By Dominique Patton
PARIS (Reuters) – L’Oreal reported a rise in first-quarter sales on Thursday, beating expectations for slower growth, as strong demand for its creams and perfume in Europe helped counter challenging conditions in the United States.
The French group, which makes Maybelline mascara and Kiehl’s skincare, posted like-for-like sales up 3.5%, though they were inflated 2 percentage points by advance shipments to China ahead of a change in IT systems.
Growth of 1.5% still beat a Visible Alpha consensus of 1.1% cited by analysts at Jefferies.
“This is a decent update in the context of anxieties,” the analysts said in a note, pointing to concerns after luxury group LVMH reported slower growth at its beauty retailer Sephora in the quarter.
L’Oreal’s U.S.-listed shares gained 6% in New York trading, while shares in U.S. rival Estee Lauder were up 3.4%.
L’Oreal has outperformed the global cosmetics market in recent years with products that span mass-market makeup to high-end perfume and doctor-recommended lotions.
But after weathering a protracted slowdown in number two beauty market China in recent years, it is facing weakening consumption in the largest U.S. market too, one it had targetted for growth this year.
“The market did not exactly start as we were hoping,” CEO Nicolas Hieronimus told analysts on a call, though added it was too early to adjust his forecast of 4 to 4.5% global market growth.

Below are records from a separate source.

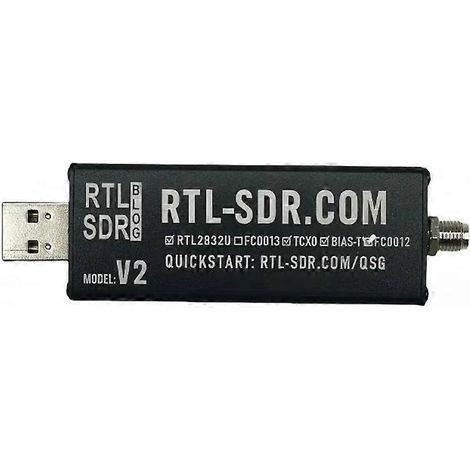 Für den RTL-SDR Blog V2 RTL2832U Empfänger, FC0013 SDR Software-Defined Radio Empfänger, USB Elektronikzubehör (1/5)
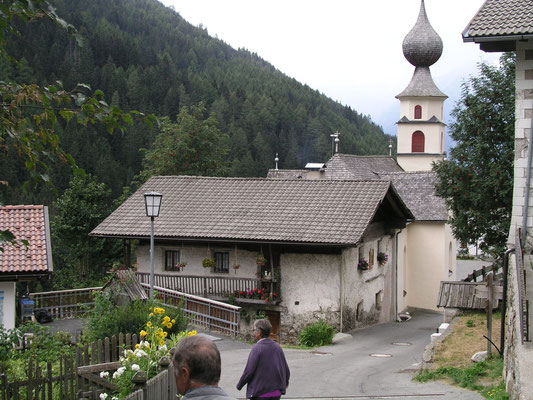 In Walten am Jauffenpasse Heimat der Familie Klotz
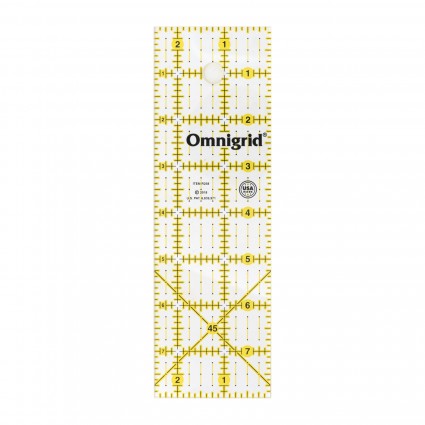 Omnigrid 2.5" x 8" Ruler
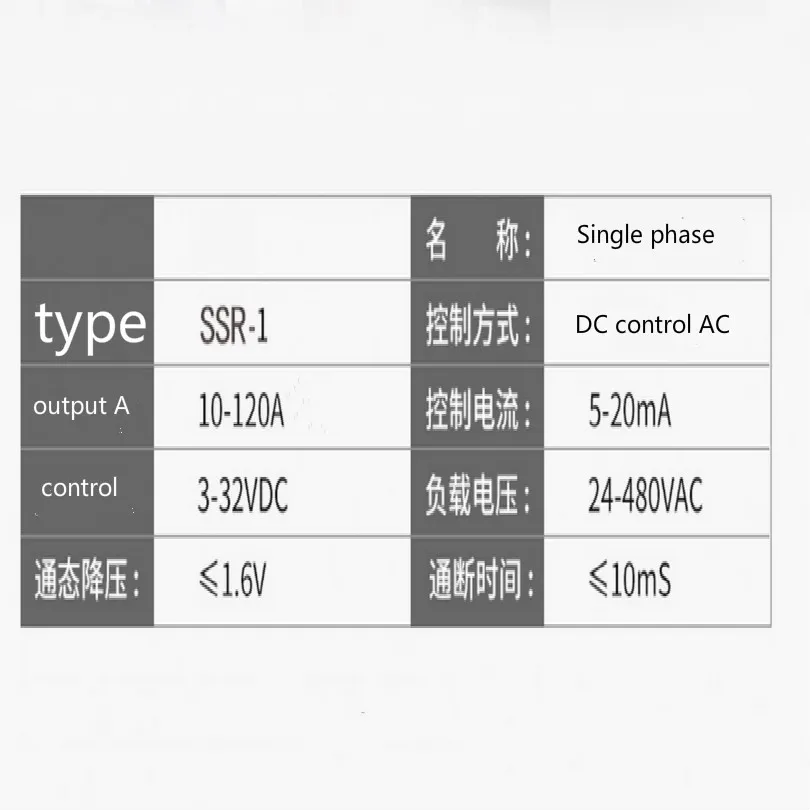Твердотельное реле Однофазное 220 В SSR-40DA MGR-1 D4810 D4825 D4840 40a D4860 Dc управление ac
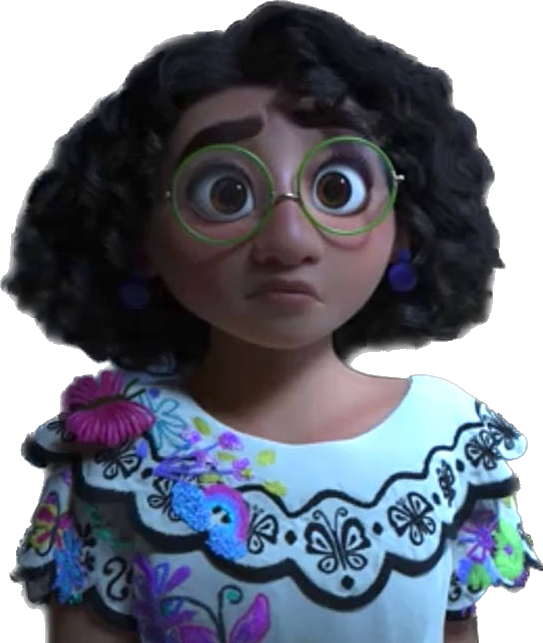 Mirabel Insecure Mirabel Madrigal confused PNG by adamhatson on DeviantArt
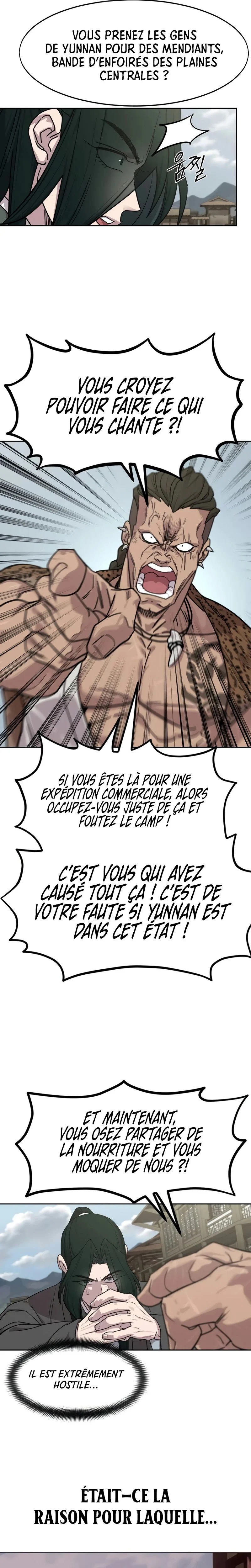 The Returns of The Mount Hua sect Chapitre 155 - Page 17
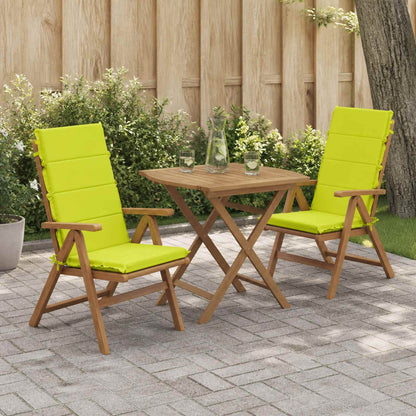 High Back Chair Cushion GEMERT 100% Polyester High Back Cushion (polyester) 2 pcs Bright green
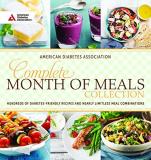 American Diabetes Association Complete Month Of Meals Collection Hundreds Of Diabetes Friendly Recipes And Nearly 
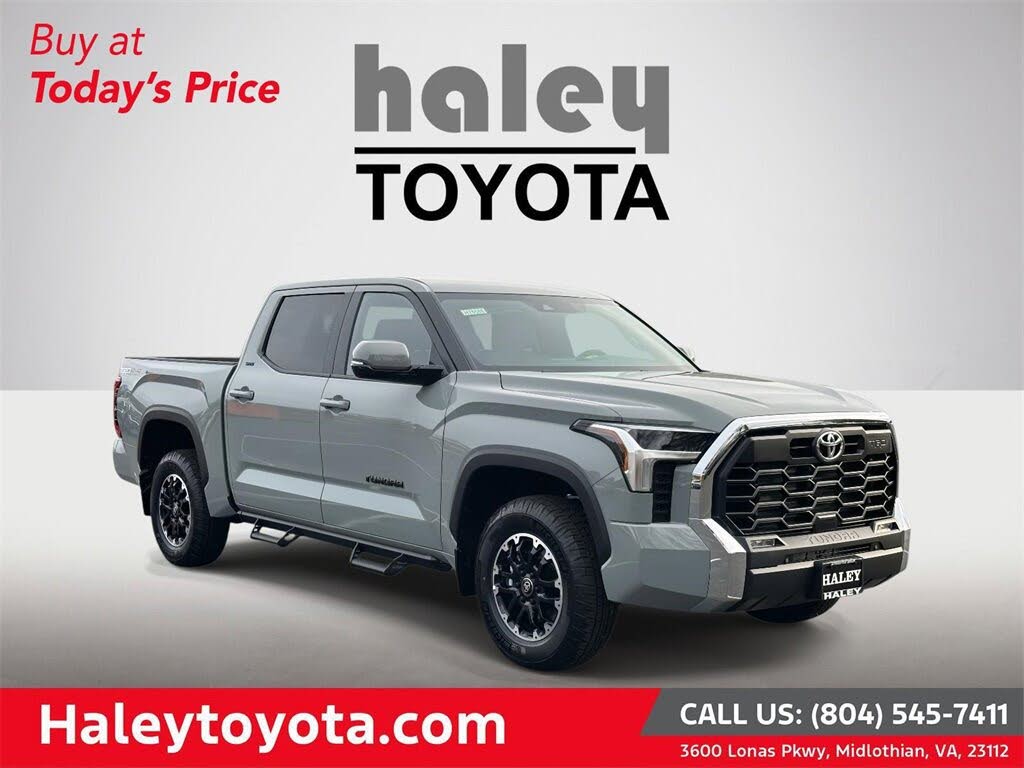 2026 Toyota Tundra SR5 CrewMax Cab 4WD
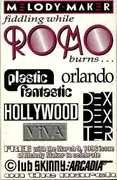 MC - Dex Dex Ter, Hollywood, Plastic Fantastic u.a. - Fiddling While Romo Burns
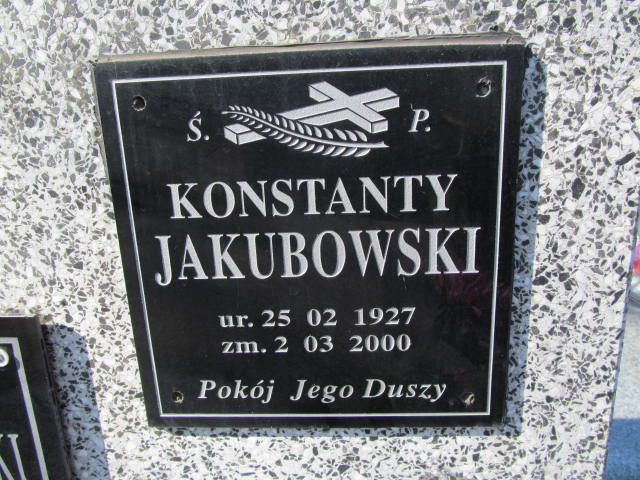 Irena Jakubowska 1927 Rudnik nad Sanem - Grobonet - Wyszukiwarka osób pochowanych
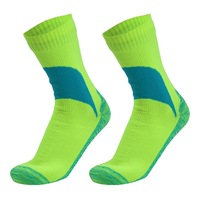 Chaussettes de randonnée imperméables et respirantes, chaussettes de ski à séchage rapide, chaussettes de sport pour le cyclisme en plein air, multicolores en stock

L’Oreal’s North America sales fell 3.8% in the quarter, compared with growth of 1.4% in the prior three months, dragged down by sluggish makeup demand.
With growing unease over escalating trade tensions, U.S. consumer sentiment deteriorated sharply in April, which typically hurts spending in any category, said Hieronimus.
L’Oreal, which imports 30% of its product in the U.S. from Europe and elsewhere, will also need to raise prices to mitigate the impact of President Donald Trump’s tariffs, though the company has built up some stocks, delaying any impact until the second half, said the CEO.
He also flagged “slightly better than expected” performance in China, which was “flattish” compared with negative at the end of last year.
All other regions grew, with Europe, accounting for a third of revenues, the largest contributor to sales that reached 11.7 billion euros ($13.30 billion) for the three months to the end of March.